TASK ITEM: In the records below, find the line containing "Ensemble de soins"; restate it and every later line word for word, through the last.
Start of DATA RECORDS
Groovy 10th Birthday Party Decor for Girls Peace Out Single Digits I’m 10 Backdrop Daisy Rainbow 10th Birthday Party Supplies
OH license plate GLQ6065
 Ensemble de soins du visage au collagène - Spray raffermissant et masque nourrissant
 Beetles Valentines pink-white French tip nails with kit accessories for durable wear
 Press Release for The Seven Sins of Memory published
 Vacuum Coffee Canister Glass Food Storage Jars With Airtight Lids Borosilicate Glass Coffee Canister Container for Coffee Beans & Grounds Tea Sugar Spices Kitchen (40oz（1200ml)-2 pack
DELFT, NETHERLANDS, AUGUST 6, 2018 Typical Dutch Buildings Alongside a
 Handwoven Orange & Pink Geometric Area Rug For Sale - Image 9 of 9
End of DATA RECORDS
RESPONSE BOX:
 Ensemble de soins du visage au collagène - Spray raffermissant et masque nourrissant
 Beetles Valentines pink-white French tip nails with kit accessories for durable wear
 Press Release for The Seven Sins of Memory published
 Vacuum Coffee Canister Glass Food Storage Jars With Airtight Lids Borosilicate Glass Coffee Canister Container for Coffee Beans & Grounds Tea Sugar Spices Kitchen (40oz（1200ml)-2 pack
DELFT, NETHERLANDS, AUGUST 6, 2018 Typical Dutch Buildings Alongside a
 Handwoven Orange & Pink Geometric Area Rug For Sale - Image 9 of 9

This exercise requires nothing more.